== Data records ==

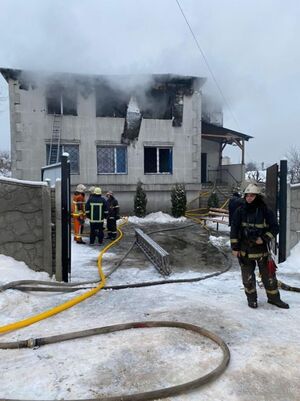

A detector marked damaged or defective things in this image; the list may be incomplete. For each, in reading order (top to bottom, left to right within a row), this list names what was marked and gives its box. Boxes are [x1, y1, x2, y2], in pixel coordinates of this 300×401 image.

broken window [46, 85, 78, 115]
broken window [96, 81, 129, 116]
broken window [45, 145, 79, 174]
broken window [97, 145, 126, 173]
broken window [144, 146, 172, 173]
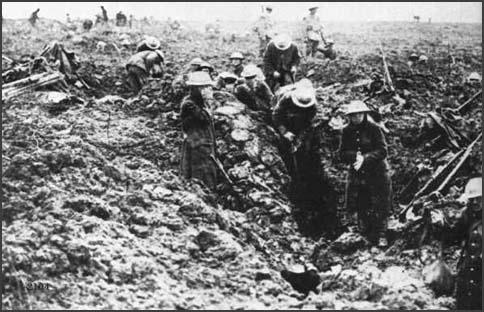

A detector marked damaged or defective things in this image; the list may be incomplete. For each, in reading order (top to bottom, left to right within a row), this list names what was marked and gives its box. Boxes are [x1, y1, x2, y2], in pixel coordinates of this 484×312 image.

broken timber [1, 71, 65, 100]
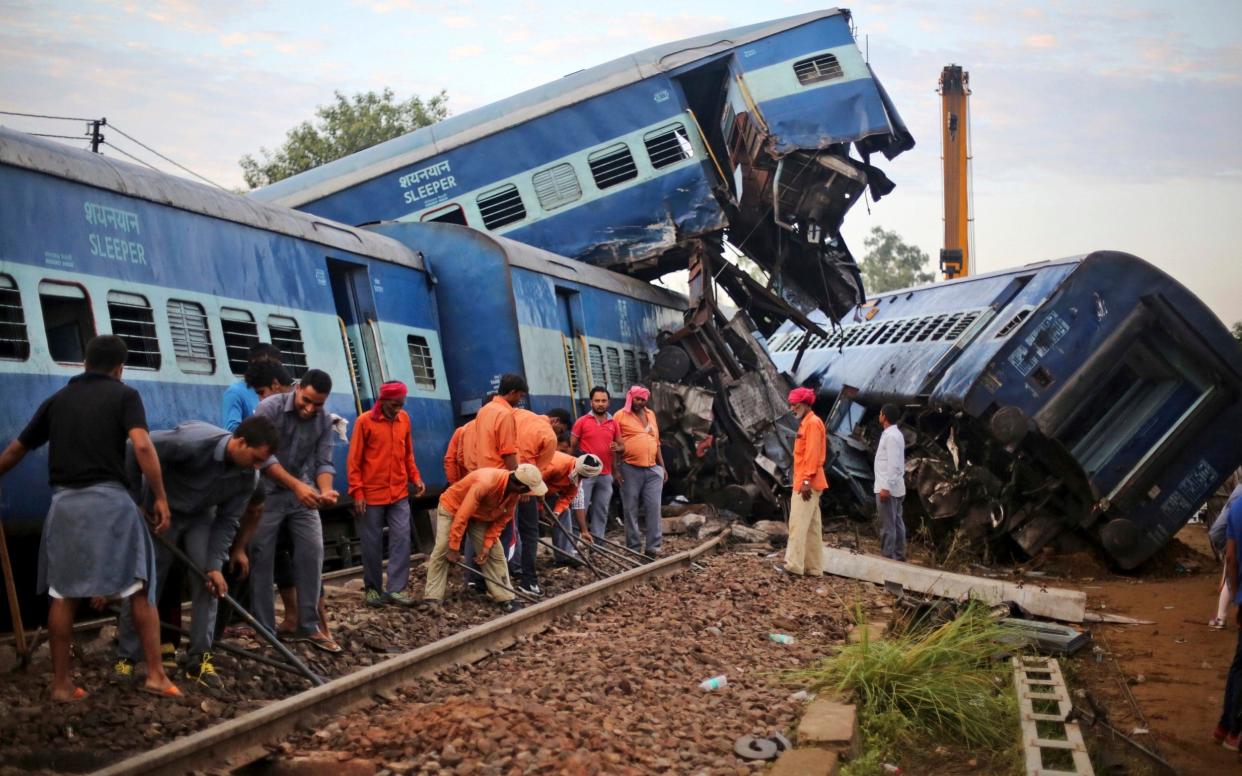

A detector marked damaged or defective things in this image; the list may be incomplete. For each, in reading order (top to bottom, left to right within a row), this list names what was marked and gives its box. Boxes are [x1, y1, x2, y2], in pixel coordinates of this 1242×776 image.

== Exercise prompt ==
Here the records must be restated exactly, minus any images.

== Output ==
A detector marked damaged or defective things in this image; the list may be incomplete. For each, in reading order (top to bottom, left to right within a row), this list names what was marked and gives its box. Boxes are [x1, y1, x2, y2], in pixel coordinates of this 300×401 image.

broken window [46, 85, 78, 115]
broken window [96, 81, 129, 116]
broken window [45, 145, 79, 174]
broken window [97, 145, 126, 173]
broken window [144, 146, 172, 173]

A detector marked damaged or defective things in this image; the list may be incomplete. For each, in reading order (top to bottom, left to right within a row), this list names what was marked and gives its box. Boxes are [x1, y1, x2, y2], in pixel coordinates of this 484×312 image.

broken timber [1, 71, 65, 100]

A detector marked damaged or defective things in this image; the list may be incomplete. For each, in reading order (top to bottom, left to right within a row), this list names what was marked and gives its box. Boxes are [x1, y1, x2, y2], in pixel coordinates of this 1242×776 image.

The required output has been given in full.